(Stored entries)
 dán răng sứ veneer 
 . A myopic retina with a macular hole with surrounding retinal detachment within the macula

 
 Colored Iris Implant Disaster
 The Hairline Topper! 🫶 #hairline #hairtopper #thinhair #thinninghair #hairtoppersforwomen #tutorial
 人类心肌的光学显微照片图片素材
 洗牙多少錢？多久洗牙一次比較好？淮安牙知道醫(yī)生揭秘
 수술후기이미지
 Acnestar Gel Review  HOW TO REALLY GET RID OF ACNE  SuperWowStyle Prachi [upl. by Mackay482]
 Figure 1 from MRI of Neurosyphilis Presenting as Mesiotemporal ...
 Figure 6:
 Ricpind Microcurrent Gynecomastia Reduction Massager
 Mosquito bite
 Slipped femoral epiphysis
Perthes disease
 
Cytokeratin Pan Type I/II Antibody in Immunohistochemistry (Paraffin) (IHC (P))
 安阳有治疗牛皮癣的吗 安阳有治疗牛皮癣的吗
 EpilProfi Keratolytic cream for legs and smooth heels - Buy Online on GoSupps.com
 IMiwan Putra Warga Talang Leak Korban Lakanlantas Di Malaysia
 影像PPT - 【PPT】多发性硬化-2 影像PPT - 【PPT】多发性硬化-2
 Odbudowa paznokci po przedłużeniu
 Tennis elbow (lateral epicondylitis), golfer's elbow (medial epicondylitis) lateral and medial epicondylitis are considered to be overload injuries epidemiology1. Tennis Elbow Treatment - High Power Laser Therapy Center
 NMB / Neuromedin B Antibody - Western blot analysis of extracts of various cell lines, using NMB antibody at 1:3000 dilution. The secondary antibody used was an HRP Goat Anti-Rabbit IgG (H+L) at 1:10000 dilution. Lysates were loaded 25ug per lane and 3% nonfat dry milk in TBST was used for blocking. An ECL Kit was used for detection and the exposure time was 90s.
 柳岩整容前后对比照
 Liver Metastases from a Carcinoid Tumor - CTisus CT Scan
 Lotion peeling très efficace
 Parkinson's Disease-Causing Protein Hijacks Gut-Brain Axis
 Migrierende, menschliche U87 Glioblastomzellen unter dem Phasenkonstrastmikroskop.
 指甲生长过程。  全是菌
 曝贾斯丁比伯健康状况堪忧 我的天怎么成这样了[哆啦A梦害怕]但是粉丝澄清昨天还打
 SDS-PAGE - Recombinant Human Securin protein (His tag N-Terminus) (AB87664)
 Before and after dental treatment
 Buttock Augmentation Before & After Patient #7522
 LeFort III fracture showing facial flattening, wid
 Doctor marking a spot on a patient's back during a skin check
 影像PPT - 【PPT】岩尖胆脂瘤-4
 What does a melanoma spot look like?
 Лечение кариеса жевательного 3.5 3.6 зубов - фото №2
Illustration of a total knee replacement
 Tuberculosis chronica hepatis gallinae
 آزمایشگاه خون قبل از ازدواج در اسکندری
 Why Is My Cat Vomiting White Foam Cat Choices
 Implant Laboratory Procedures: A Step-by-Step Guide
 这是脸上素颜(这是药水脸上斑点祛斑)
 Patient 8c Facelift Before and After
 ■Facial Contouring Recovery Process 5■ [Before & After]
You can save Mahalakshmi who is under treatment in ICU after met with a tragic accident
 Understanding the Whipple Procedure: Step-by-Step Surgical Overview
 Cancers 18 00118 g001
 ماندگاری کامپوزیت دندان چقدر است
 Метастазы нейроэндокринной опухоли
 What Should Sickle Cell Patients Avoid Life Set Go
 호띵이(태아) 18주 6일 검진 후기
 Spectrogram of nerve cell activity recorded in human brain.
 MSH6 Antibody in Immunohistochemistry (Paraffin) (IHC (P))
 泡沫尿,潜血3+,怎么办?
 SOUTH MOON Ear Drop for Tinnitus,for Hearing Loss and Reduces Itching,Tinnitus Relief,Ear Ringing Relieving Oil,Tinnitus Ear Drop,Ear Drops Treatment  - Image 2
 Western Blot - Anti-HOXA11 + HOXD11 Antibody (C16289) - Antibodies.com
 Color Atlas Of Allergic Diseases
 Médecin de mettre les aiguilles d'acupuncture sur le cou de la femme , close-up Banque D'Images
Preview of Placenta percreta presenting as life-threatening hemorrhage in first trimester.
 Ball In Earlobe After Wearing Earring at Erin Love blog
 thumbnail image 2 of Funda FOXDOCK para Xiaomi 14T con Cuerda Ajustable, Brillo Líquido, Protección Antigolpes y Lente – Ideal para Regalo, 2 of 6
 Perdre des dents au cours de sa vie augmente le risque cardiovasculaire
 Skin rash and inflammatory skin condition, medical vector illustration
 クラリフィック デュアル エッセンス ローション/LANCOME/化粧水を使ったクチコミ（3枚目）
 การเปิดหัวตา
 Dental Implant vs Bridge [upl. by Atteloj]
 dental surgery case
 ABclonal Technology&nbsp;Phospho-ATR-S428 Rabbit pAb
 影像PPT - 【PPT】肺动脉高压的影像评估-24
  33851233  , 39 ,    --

What you have to do:
Give exactly, and nothing besides, the lines from the one in which "Perdre des dents" occurs through the end of the records.

Output for this task:
 Perdre des dents au cours de sa vie augmente le risque cardiovasculaire
 Skin rash and inflammatory skin condition, medical vector illustration
 クラリフィック デュアル エッセンス ローション/LANCOME/化粧水を使ったクチコミ（3枚目）
 การเปิดหัวตา
 Dental Implant vs Bridge [upl. by Atteloj]
 dental surgery case
 ABclonal Technology&nbsp;Phospho-ATR-S428 Rabbit pAb
 影像PPT - 【PPT】肺动脉高压的影像评估-24
  33851233  , 39 ,    --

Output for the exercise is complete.